Mark Rubbins, diversion program manager at the DEA’s New England Field Division, can’t speak to the decision making behind the 2007 ban but said there is a lot of support for vans today.

“Obviously, the opioid epidemic has devastated communities in New England, both rural and urban,” he said, “and this is just another tool in the toolbox that treatment providers have that they can deploy to get adequate treatment to people.”

Mobile methadone vans will need to comply with safety and security requirements. They involve installing safes for the treatment medication, designating a medical storage area that is separate from the patient area, diligent record keeping, and returning the vehicle and all methadone on board to a treatment provider’s permanent, physical location at the end of each day.

With these measures in place, Rubbins said there’s little concern at the DEA that methadone will be stolen, diverted or misused on the vans.

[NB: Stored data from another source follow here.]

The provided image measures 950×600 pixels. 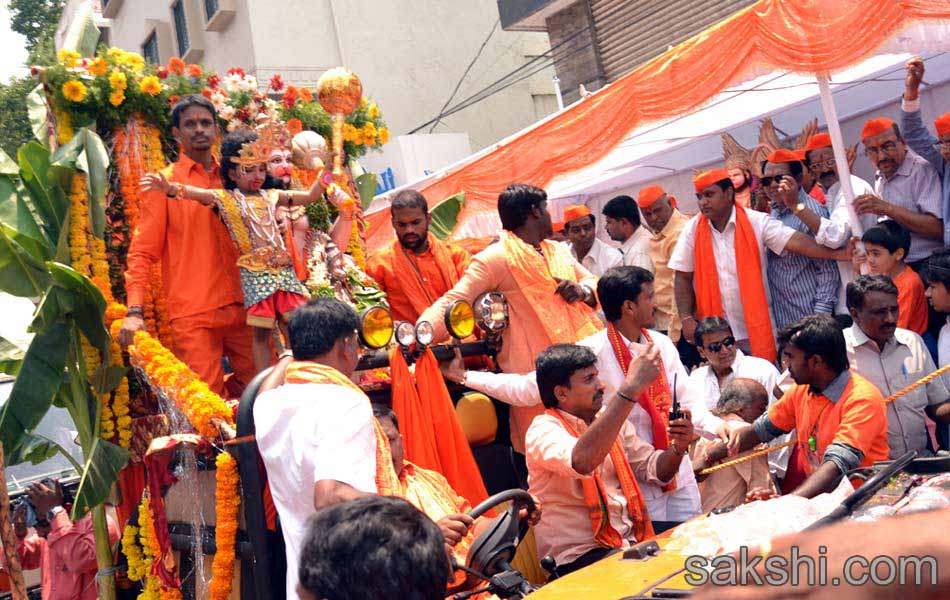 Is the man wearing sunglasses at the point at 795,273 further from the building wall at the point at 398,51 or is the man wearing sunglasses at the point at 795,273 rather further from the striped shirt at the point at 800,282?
the building wall at the point at 398,51

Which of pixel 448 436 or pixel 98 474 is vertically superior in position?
pixel 98 474

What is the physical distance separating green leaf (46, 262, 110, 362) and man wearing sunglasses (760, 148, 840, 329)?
4211 mm

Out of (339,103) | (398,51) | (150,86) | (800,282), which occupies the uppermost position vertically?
(398,51)

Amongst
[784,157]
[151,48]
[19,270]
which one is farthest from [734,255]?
[151,48]

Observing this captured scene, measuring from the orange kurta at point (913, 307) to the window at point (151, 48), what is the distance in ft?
63.9

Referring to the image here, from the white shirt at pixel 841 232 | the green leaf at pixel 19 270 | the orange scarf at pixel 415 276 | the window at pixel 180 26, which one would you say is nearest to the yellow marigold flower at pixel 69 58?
the green leaf at pixel 19 270

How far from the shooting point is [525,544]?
421 centimetres

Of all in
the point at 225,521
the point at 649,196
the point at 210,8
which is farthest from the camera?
the point at 210,8

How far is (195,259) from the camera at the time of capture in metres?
Answer: 5.66

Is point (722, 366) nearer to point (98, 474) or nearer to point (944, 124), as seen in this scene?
point (944, 124)

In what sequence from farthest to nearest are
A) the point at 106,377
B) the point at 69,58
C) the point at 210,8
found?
the point at 210,8
the point at 69,58
the point at 106,377

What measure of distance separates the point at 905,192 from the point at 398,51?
14.8 metres

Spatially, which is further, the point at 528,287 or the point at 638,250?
the point at 638,250

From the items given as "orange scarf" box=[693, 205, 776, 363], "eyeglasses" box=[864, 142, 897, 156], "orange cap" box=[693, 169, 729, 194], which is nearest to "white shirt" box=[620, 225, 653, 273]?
"orange scarf" box=[693, 205, 776, 363] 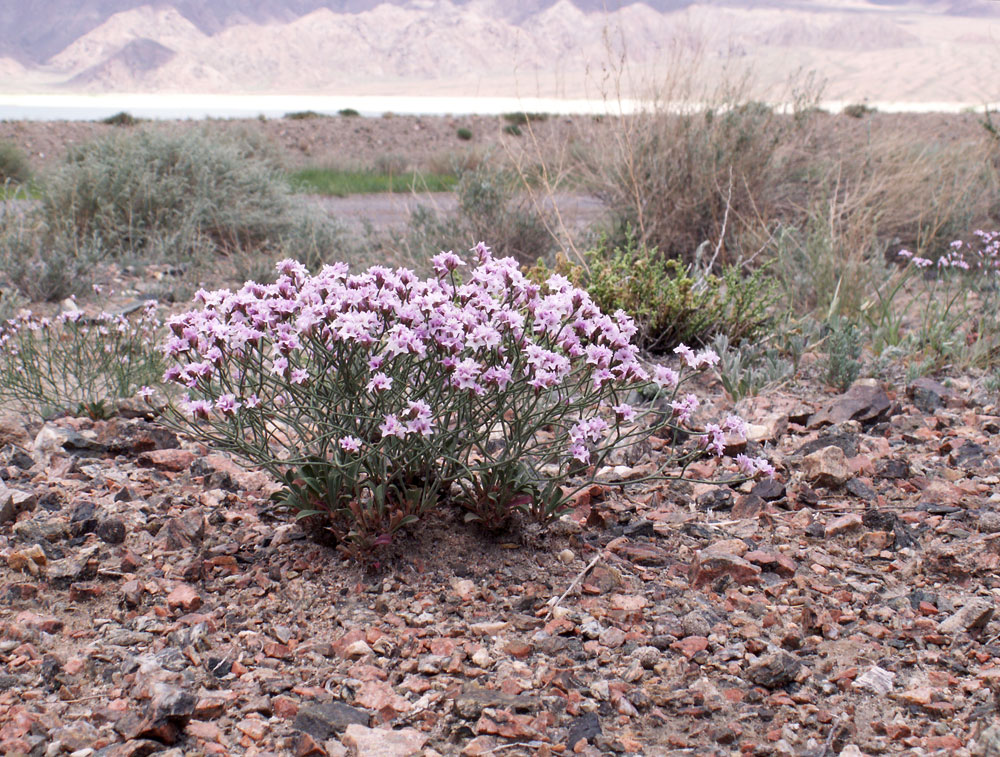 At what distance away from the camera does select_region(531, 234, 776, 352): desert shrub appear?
4.97 metres

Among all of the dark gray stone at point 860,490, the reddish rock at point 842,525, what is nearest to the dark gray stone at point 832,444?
the dark gray stone at point 860,490

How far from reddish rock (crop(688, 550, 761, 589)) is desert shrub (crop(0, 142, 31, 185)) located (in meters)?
17.5

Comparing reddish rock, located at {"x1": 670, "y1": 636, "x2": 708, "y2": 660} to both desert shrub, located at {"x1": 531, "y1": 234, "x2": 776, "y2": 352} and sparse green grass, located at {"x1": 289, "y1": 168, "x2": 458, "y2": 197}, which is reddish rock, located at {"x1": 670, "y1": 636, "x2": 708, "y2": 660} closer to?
desert shrub, located at {"x1": 531, "y1": 234, "x2": 776, "y2": 352}

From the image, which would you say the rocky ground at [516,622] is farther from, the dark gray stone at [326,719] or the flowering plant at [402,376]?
the flowering plant at [402,376]

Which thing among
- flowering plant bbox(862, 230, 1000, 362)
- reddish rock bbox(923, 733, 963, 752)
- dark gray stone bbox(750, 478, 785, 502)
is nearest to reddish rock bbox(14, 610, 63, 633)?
reddish rock bbox(923, 733, 963, 752)

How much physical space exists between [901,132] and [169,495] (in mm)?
8960

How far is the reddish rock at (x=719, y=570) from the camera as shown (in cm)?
268

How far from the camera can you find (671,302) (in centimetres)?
499

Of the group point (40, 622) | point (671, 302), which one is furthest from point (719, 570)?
point (671, 302)

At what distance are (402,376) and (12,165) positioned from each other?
17.7m

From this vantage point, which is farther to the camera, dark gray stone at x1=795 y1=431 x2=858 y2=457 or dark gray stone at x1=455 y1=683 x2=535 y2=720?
dark gray stone at x1=795 y1=431 x2=858 y2=457

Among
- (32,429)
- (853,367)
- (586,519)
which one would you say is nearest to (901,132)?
(853,367)

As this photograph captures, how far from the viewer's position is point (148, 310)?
404 centimetres

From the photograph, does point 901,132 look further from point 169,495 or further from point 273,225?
point 169,495
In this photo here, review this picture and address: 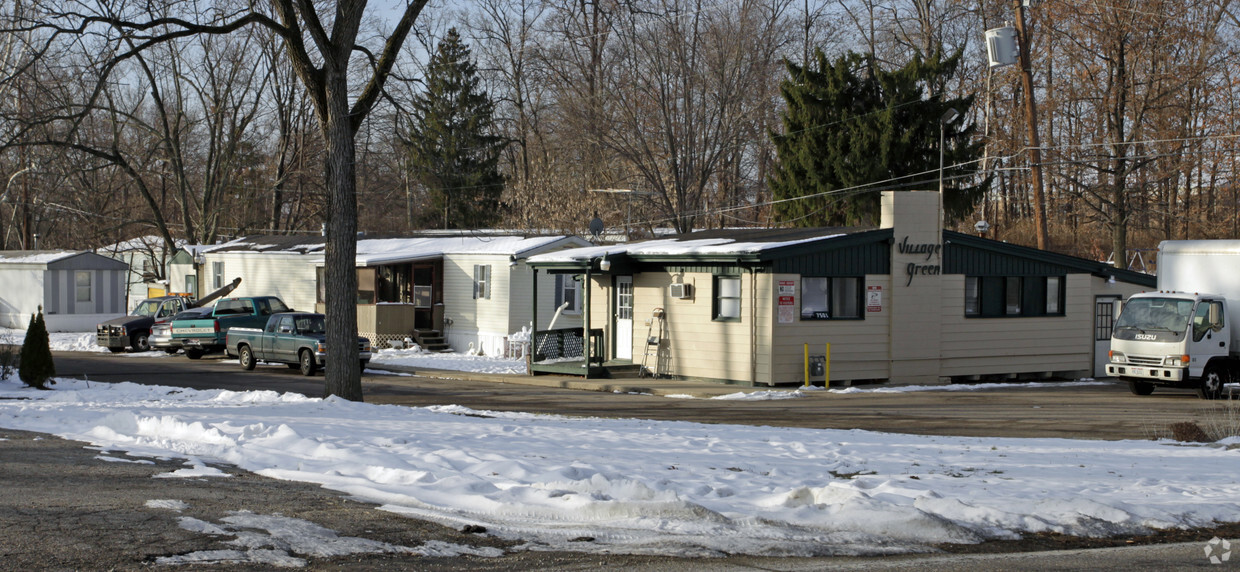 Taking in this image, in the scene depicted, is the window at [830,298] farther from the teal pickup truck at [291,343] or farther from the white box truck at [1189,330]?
the teal pickup truck at [291,343]

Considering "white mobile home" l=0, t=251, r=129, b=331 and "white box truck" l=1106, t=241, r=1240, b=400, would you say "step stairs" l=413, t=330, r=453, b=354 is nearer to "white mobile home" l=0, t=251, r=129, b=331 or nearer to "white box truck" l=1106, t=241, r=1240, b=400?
"white mobile home" l=0, t=251, r=129, b=331

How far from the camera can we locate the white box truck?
23.9 metres

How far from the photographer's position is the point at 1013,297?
28.6 m

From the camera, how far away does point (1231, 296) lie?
969 inches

Organizations must be licensed to dispense methadone in order to apply for a mobile van program. The application process may move quicker for provider organizations that have already invested in commercial-style vehicles that they could convert or modify for methadone dispensing.

“We have a physician assistant who’s very excited about it, our medical team is behind it, our clinical team is behind it, and we’re ready to go,” Montgomery said. “The only issue right now is Connecticut is looking and making its own regulations.”

In an email, state officials said the Connecticut departments of Mental Health and Addiction Services and Public Health “are engaged in collaborative discussions related to regulation modifications that may be necessary to allow for the dispensing of methadone from a mobile [narcotic treatment provider].”

The state did not indicate when any local regulations will be finalized, but leaders in the addiction treatment community hope the departments will move quickly.

Since the federal moratorium ended in late July, Rubbins said new applications to register a mobile methadone van have been few in number, despite the 1,930 narcotic treatment programs in the U.S. currently registered with the DEA. But Rubbins estimated that mobile vans will gain traction as time goes on.

“I think a lot of people are dealing with the COVID-19 pandemic, so that’s sort of been their focus. This may not have been on the radar, because they’re dealing with COVID, making sure staff is there and people are getting services,” he said. “This is a valuable treatment alternative. I assume many existing registrants will add this to their options.”